Silvanovich mentioned such malicious messages could be sent via SMS, MMS, iMessage, Mail or even Visual Voicemail. They only needed to end up in the victim’s phone and be opened. “Such vulnerabilities are the holy grail of an attacker, allowing them to hack into victims’ devices undetected.” Incidentally, until today, such minimal or “Zero Interaction” security vulnerabilities were only found to be have been used by exploit vendors and makers of legal intercept tools and surveillance software. This simply means such highly sophisticated bugs that cause the least amount of suspicion are mainly discovered and traded by software vendors who operate on the Dark Web. Only state-sponsored and focused hacking groups typically have access to them. This is because vendors who get hold of such flaws sell them for huge sums of money.

According to a price chart published by Zerodium, such vulnerabilities sold on the Dark Web or the software black market could cost over $1 million each.
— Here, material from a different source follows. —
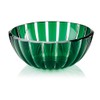 Guzzini Dolcevita Large Bowl Green (9.8 inches -25 cm) Bio-Based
This means Silvanovich may have published details of security exploits that illegal software vendors may have charged anywhere between $5 million and $10 million. Crowdfense, another platform that works with security information, claims the price could have easily been much higher. The platform basis its assumptions on the fact that these flaws were part of “no-click attack chain”. Moreover, the vulnerabilities worked on recent versions of iOS exploits. Combined with the fact that there were six of them, an exploit vendor could have easily made more than $20 million for the lot.